As I was watching CNN news recently, I noted in the headlines different ways Obamacare is failing. Current problems discussed were the customers’ sticker shock of high deductible plans (up to $12,700 for families), the president blaming the insurance companies for having substandard plans, and the people blaming the president for losing their current insurance.
One patient even complained, “My new health care plan tripled in price, and now, it is like having a third loan to deal with, including my car and home loan.”
The current law and regulations being implemented under Obamacare will ultimately lead to sicker patients and low quality care for three reasons:
1. Older doctors will retire early fed up with the system. These older doctors feel that the loss of a patient-physician relationship and the burdensome regulations (ie. paperwork) will choke off their ability to provide good care. In addition, their expenses are increasing with these new regulations. Add in the projected cuts in reimbursement up to 26%, and their livelihood will be threatened. These cuts could force these doctors out of practice or force them to stop seeing Medicare patients simply because their expenses (which rise yearly) are exceeding their declining reimbursement, which has declined steadily over the past several years already.
2. Young smart minds will no longer enter the field. This is due to rising debt (average $250,000 after medical school) and severe cuts in reimbursement (yearly threats of 26% cuts to reimbursement). If young college students realize that they cannot provide for a family despite going to school and training for 14 years, deferring income for all those years, and then being slapped with a $250,000 medical school bill, they will turn to different professions.

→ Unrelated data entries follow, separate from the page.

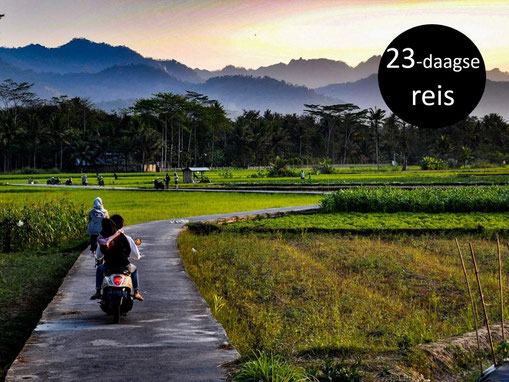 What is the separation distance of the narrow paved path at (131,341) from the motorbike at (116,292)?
0.49ft

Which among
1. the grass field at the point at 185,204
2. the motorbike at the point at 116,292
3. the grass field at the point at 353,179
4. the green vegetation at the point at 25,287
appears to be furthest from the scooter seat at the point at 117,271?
the grass field at the point at 353,179

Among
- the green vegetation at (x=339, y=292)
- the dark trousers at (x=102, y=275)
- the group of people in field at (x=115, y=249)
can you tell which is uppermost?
the group of people in field at (x=115, y=249)

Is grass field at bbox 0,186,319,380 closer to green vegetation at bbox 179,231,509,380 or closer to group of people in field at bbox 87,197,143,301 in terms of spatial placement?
group of people in field at bbox 87,197,143,301

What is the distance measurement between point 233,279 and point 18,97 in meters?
107

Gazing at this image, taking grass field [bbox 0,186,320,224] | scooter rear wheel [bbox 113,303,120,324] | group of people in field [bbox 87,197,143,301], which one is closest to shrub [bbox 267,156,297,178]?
grass field [bbox 0,186,320,224]

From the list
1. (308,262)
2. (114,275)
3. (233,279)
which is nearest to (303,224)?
(308,262)

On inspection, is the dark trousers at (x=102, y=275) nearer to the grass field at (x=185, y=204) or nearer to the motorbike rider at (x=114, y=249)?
the motorbike rider at (x=114, y=249)

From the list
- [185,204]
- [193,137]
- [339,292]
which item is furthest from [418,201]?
[193,137]

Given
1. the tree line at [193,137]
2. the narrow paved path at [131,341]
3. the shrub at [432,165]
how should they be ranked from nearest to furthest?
the narrow paved path at [131,341]
the shrub at [432,165]
the tree line at [193,137]

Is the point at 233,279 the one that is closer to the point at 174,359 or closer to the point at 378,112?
the point at 174,359

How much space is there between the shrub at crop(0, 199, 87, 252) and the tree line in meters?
68.0

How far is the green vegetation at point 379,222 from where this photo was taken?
18.4m

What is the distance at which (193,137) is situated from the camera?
107 m

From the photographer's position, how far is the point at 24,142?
3497 inches
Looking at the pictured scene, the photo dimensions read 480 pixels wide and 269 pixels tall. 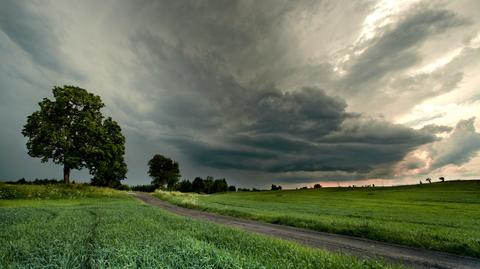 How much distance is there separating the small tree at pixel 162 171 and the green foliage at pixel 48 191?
2527 inches

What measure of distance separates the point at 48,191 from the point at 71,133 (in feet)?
41.1

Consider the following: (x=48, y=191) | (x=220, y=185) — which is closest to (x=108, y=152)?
(x=48, y=191)

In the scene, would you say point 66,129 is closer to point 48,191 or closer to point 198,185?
point 48,191

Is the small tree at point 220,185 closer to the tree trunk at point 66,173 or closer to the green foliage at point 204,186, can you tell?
the green foliage at point 204,186

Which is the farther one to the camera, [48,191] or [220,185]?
[220,185]

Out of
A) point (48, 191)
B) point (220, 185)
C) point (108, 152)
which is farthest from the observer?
point (220, 185)

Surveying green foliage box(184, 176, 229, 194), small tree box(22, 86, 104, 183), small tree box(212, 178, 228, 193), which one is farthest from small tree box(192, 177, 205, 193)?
small tree box(22, 86, 104, 183)

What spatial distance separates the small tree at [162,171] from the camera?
4847 inches

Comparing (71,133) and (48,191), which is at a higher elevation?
(71,133)

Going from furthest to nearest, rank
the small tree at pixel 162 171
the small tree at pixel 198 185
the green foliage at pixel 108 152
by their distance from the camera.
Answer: the small tree at pixel 198 185, the small tree at pixel 162 171, the green foliage at pixel 108 152


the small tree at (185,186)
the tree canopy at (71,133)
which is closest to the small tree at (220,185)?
the small tree at (185,186)

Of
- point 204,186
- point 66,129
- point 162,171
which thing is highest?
point 66,129

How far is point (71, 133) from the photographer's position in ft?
184

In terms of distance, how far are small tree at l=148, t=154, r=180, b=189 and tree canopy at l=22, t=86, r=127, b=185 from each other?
59.4 meters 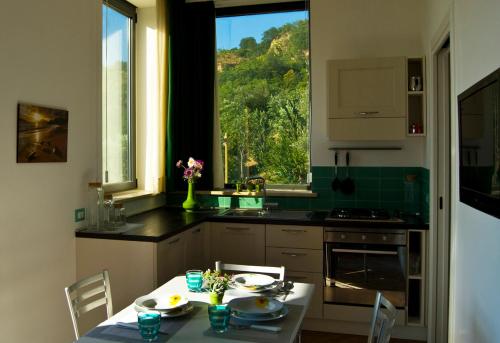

3. Current younger doctors will become more demoralized by administration and lawmakers dictating how they provide care. They will feel as if they are increasingly being treated as machines, expecting to provide great care such as answering patient calls at 2am, working 24 hours shifts, doing more procedures for less, and filling out more and more paperwork, all with the threat of getting sued if they don’t perform without making a mistake. This will produce a high burnout rate and poorer care.
These doctors went into medicine to feel a healthy bond between themselves and their patients. They enjoy talking and spending time with them in the office. Unfortunately, with all the unnecessary documentation regulations and time restraints, doctors are losing the bond that is so critical for care. For those doctors who choose to stay in the field of medicine, many of them will instead elect to practice concierge medicine, taking the insurance company out of the equation and attempting to maintain the physician-patient relationship.
There are numerous articles out there that show concierge medicine is growing. With current doctors feeling demoralized and younger students afraid to enter the field, this will create a massive shortage of doctors and threaten the health of our citizens.
Having said all this, I as a doctor do not want this to happen. I went into medicine as a calling to help others and take this role seriously. I longed for the idea of sitting down and talking with my patients, sharing stories with them, not on the clock, and without cumbersome, slow computers and administrators documenting every move I make. I want every person in America to have access to quality health care all at a reasonable price because our citizens deserve this.
Unfortunately, universal access to care at a reasonable price cannot materialize unless lawmakers look to doctors on the front lines of care for specific input. We as doctors know in many ways why costs are high and why the public is unfortunately misinformed about how it all works. But we need a representative sample of practicing doctors in Congress discussing these issues so that these “insider” insights can be applied to our current laws.